The Swedish police did not declare their interest in the couple until the spring of 1987. The line of inquiry was opened shortly after Hans Holmer, the Stockholm police commissioner who had headed the inquiry since the beginning, resigned his post and was replaced by a new chief.
Ulf Karlsson kept a low public profile and allowed his detectives more independence than his predecessor. The European Workers Party returned to the agenda. Detectives announced that a woman answering Kerstin’s description had been spotted outside the Grand Cinema on the night of February 28, 1986; they used the press to appeal for information on her whereabouts. The papers granted her the favor extended to all criminal suspects. Although Kerstin was the leader of a national political party, they kept her name and her face out of the coverage. Front pages ran censored photographs of Kerstin, her face as smooth and blank as a figure from a Magritte picture.
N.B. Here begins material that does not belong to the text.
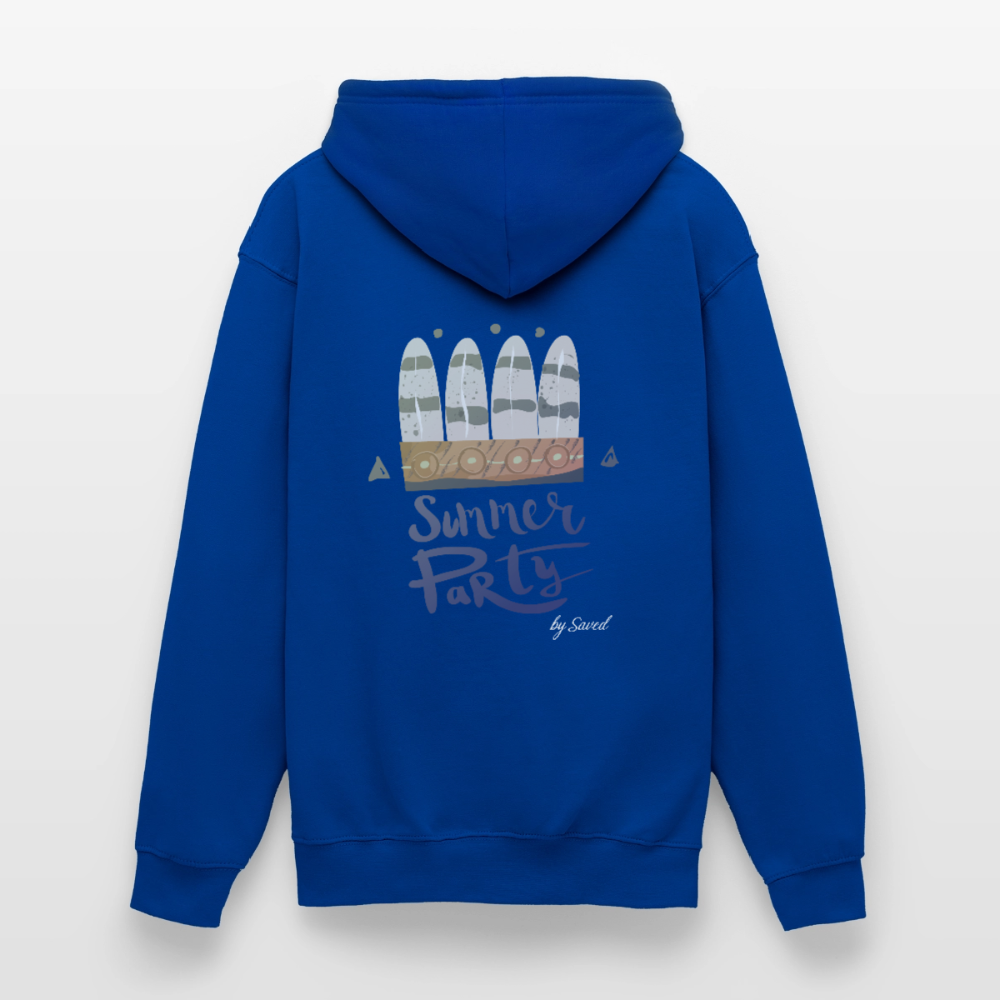 Unisex Hoodie - bright royal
The appeal worked. A few days later the Swedish police learned that Kerstin and Cliff had taken refuge in a deafeningly quiet suburb of Raleigh, North Carolina. Three detectives flew to the States to interview them, but a Swedish journalist found the house first—a nondescript gray bungalow, empty and bolted, its lawn unmown and correspondence piling on the doormat.
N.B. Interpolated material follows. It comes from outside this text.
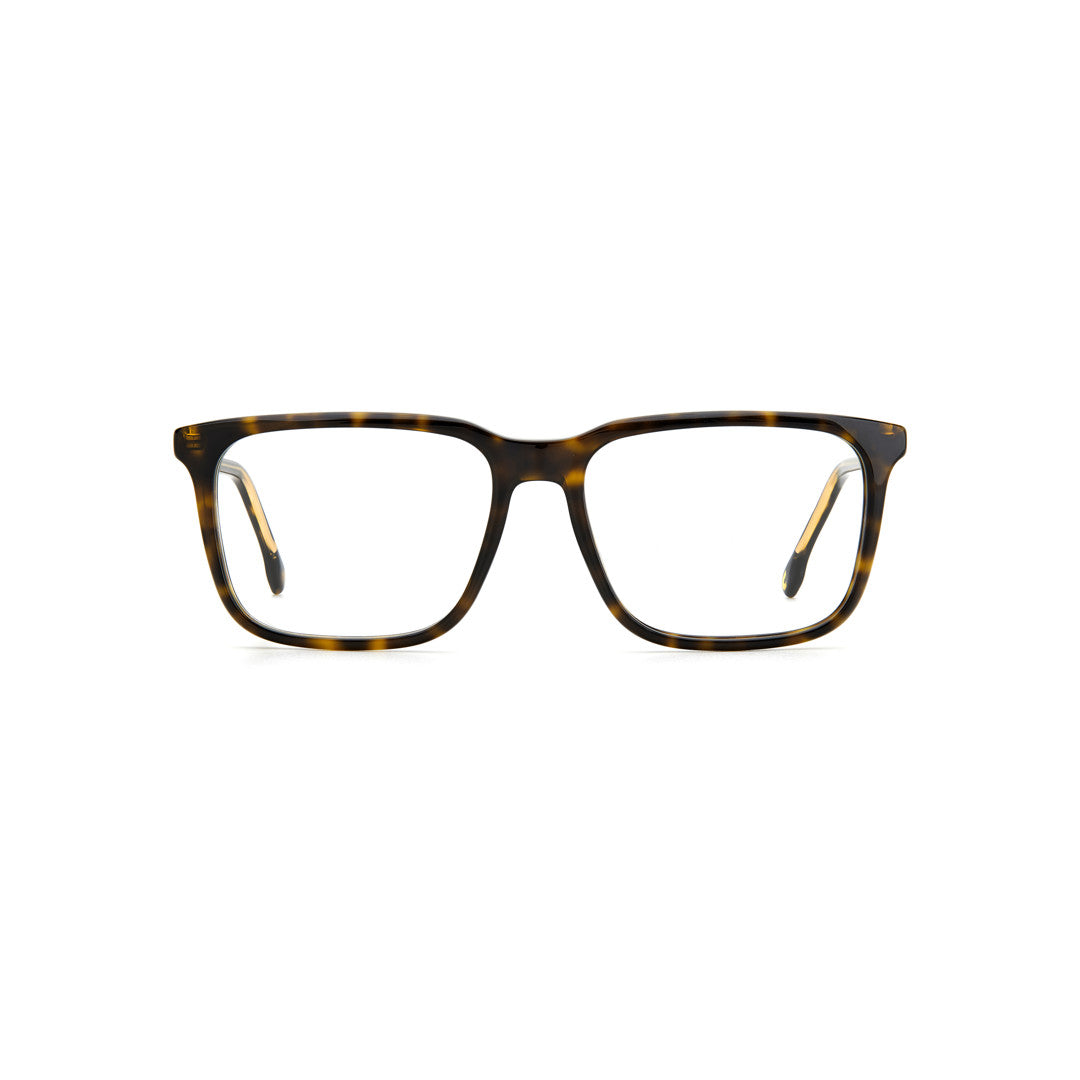 Carrera 8053/Cs 20483980755m9 Polyamide Inj Sunglass Frames For Men Rectangular Black With Solid Tint Grey Polarized 56-16-140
“The area is fenced off and a sign says it is guarded by private security guards,” he reported. “In the South this generally means that blacks should keep away if they do not have good reason to be there. It also means that those who live here—many pensioners—prefer to be left in peace.” The reporter asked an elder
ly neighbor if the couple had moved. “Not moved,” she said. “Maybe disappeared. If they’ve got the police on their tails then they may well have disappeared. That happens.”
Farcically, however, while Swedish detectives crossed the Atlantic to follow her trail in North Carolina, Kerstin had moved in the opposite direction, flying back to Stockholm to spend the Easter holidays with her family. As the Swedish papers printed faintly sinister photographs of her rented bungalow and her talkative neighbor, another group of detectives simply drove to the Tegin family home to interview her.
They spoke for an hour in a police car parked outside the house. The detectives asked her whether EAP members had weapons training like their comrades in Leesburg, but she professed to know nothing about this. She also claimed that she and Cliff had been planning to quit the party months before Palme was assassinated. The usher who thought he had seen her outside the Grand Cinema must have been mistaken. On the night of the murder, Kerstin insisted, she had been at home with her husband. They had eaten dinner, watched a TV program about the Israeli conductor Zubin Mehta, and gone to bed. The alibi was not perfect, but one fact of their domestic life made them unlikely assassins: on January 17 that year, Kerstin had given birth to a son.
A couple of weeks later Kerstin was back in the States, where she and Cliff were interviewed by another Swedish detective. An FBI agent was also present. Cliff described his work as Stockholm bureau chief for Executive Intelligence Review and his interest in military development in the Soviet Union and Europe. He was also asked about his attempts to communicate with a Swedish naval commander who, like the EAP, disapproved of Palme’s desire to maintain friendly relations with the Soviet Union. He repeated Kerstin’s description of a quiet night at home with Zubin Mehta on the TV, and her assertion that they had both been looking for a way out of the EAP. The detective seemed satisfied but would not grant Kerstin’s request to make a public statement about eliminating them from the list of suspects.